RIALIST continues to research and develop spoken dialogue capabilities that are applicable across tasks. There were two major areas of research and development of this type during FY02: Language Modeling using Explanation Based Learning and Targeted Help.
Language Models provide a necessary constraint on speech recognition by restricting recognition to the range of language needed for a particular application. We have made significant improvements in our capabilities for creating application specific grammars semi-automatically. We have refined our use of the machine learning technique, EBL, for creating these application specific grammars from a general grammar of English using a very small amount of training data. We have also successfully tested some new techniques for compiling the specialized grammars in to context-free language models.
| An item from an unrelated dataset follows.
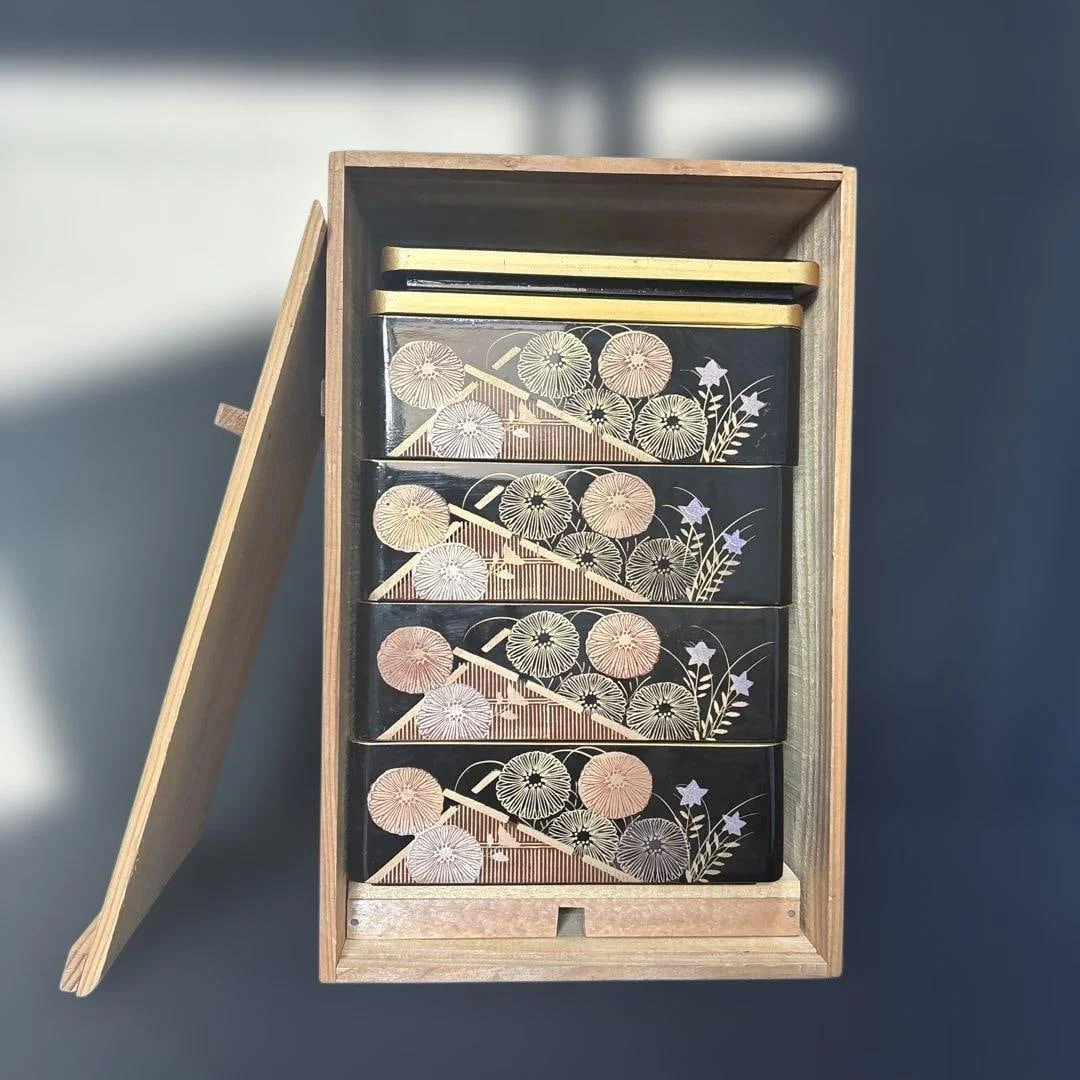 A wooden lacquered bento box, adorned with chrysanthemum motifs and maki-e (gold lacquer)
These new techniques are faster and more likely to stay within memory limitations than previous approaches. The tools developed in this research effort have been released as part of the Open Source Regulus system.
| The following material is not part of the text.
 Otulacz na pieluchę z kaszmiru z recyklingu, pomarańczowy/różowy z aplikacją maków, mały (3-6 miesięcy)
Research indicates that the best speech recognition is achieved by expert users on systems using grammar-based language models. Naïve users do not understand the capabilities of the system and because of that produce many utterances that are out of the system’s coverage. Targeted Help is an embedded training approach that gives feedback when the user produces an utterance that the system cannot understand and guides the user towards producing in-coverage language. As a result, users should become experts faster and spend less time producing unproductive utterances. Results show that users who receive Targeted Help are significantly more able to complete tasks with the dialogue system compared to users who do not receive Targeted Help. This work was done in collaboration with Oliver Lemon and Stanley Peters of the Computational Semantics Lab at Stanford.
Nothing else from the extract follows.